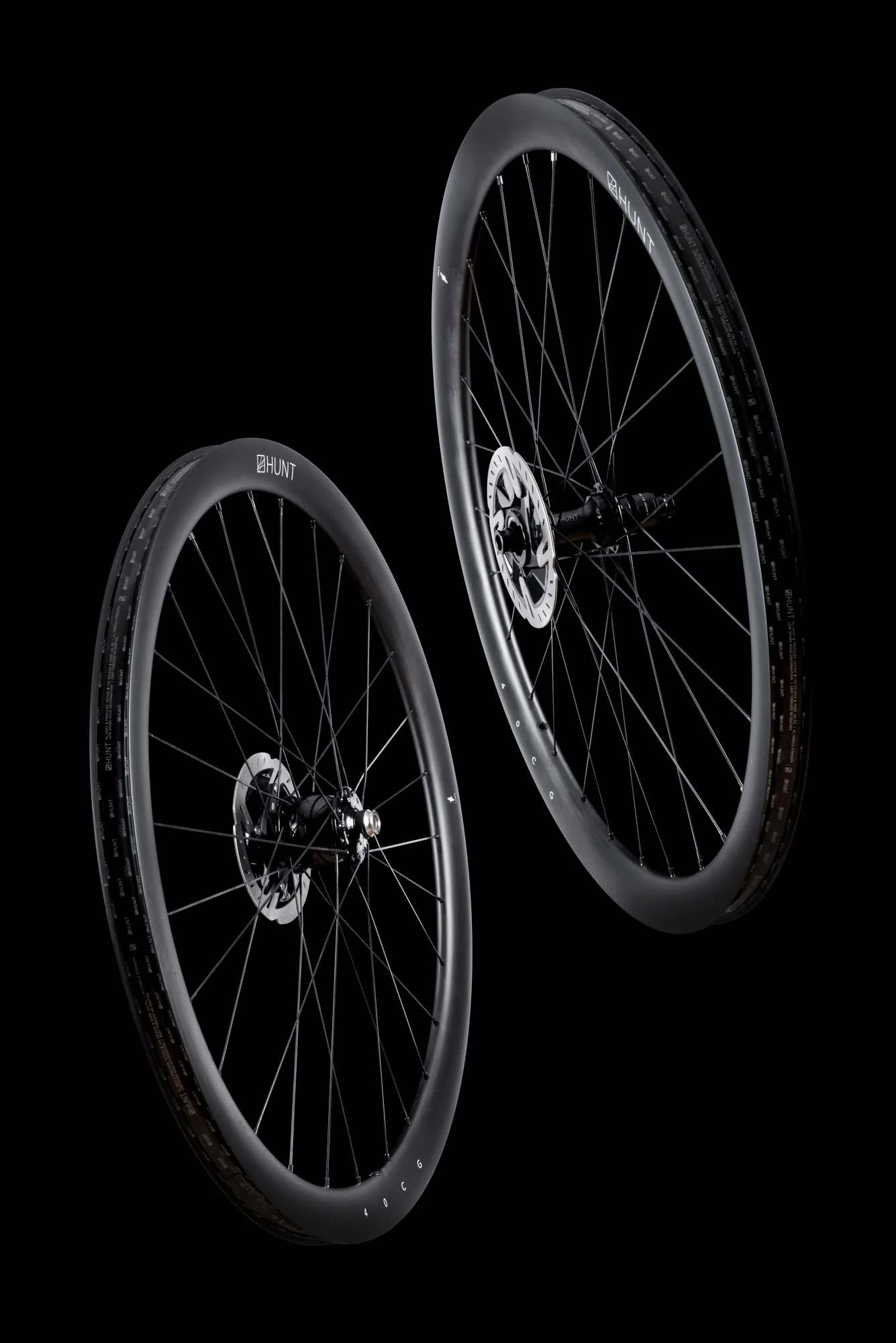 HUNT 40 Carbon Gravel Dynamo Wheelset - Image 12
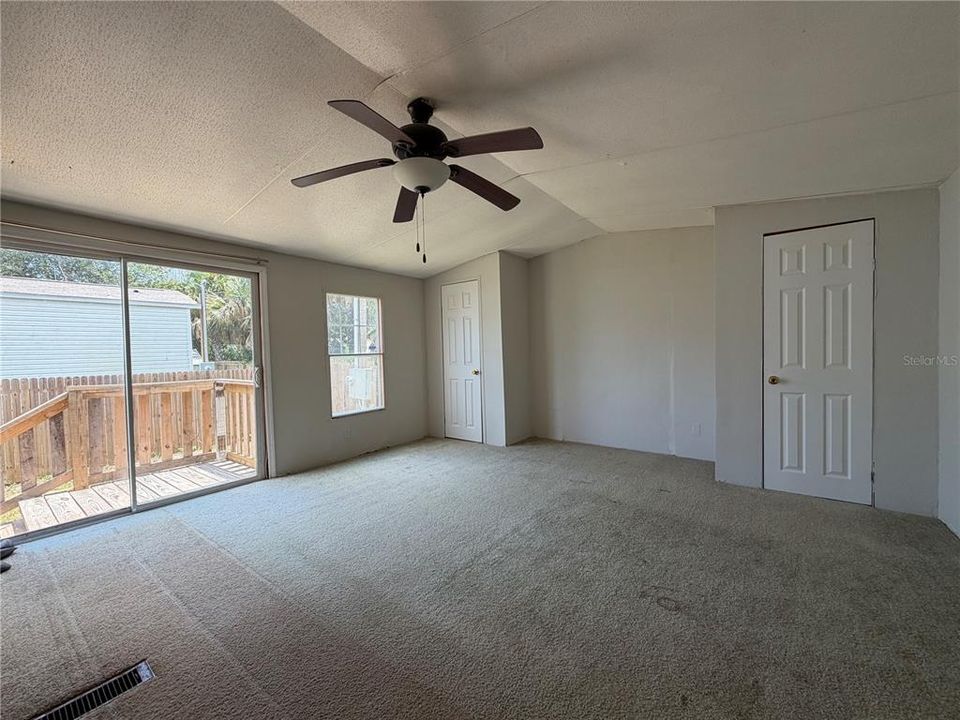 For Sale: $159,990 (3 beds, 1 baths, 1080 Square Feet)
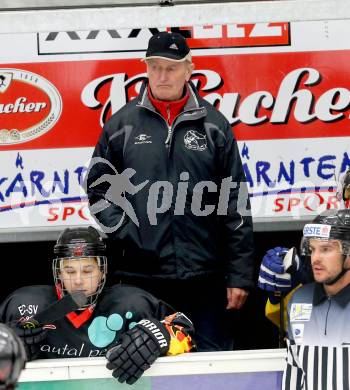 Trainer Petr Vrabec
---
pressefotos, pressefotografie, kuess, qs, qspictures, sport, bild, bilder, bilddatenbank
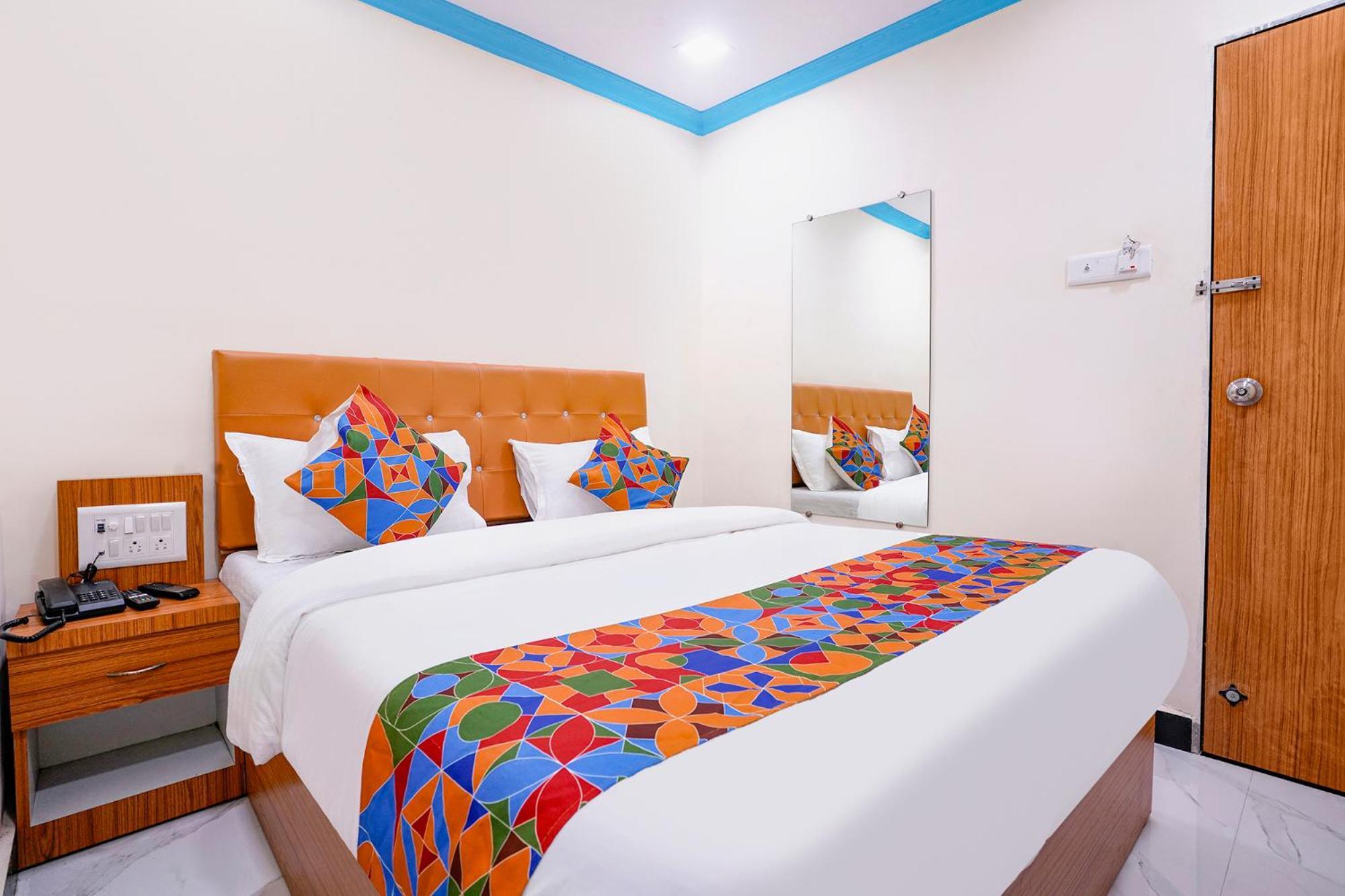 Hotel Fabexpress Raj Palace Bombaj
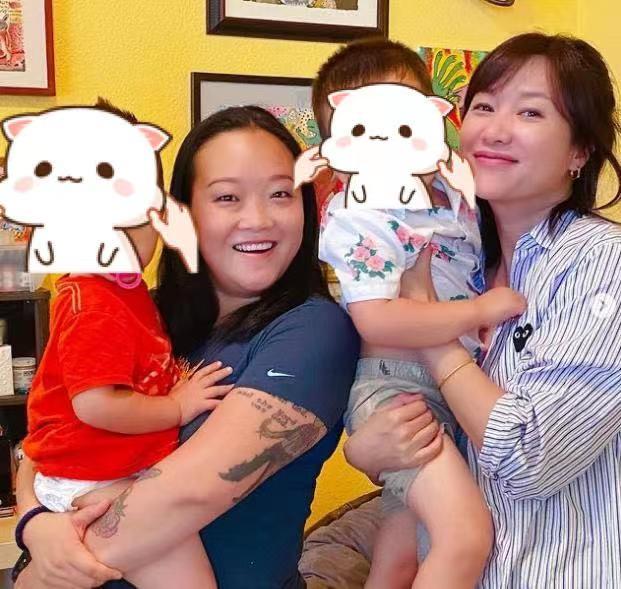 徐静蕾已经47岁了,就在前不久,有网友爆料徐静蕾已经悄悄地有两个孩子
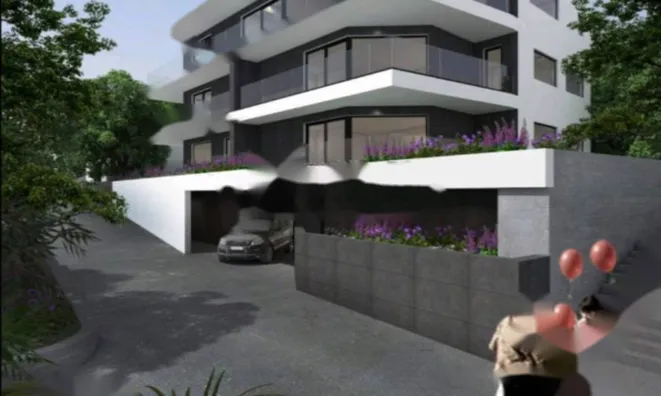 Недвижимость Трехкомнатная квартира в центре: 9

########

§ Task statement: An acceptable answer holds exactly the lines from the one with "bild, bilder, bilddatenbank" through the end of the entries above, both ends kept, and no pictures at all.

§ Solution for this task:
pressefotos, pressefotografie, kuess, qs, qspictures, sport, bild, bilder, bilddatenbank
 Hotel Fabexpress Raj Palace Bombaj
 徐静蕾已经47岁了,就在前不久,有网友爆料徐静蕾已经悄悄地有两个孩子
 Недвижимость Трехкомнатная квартира в центре: 9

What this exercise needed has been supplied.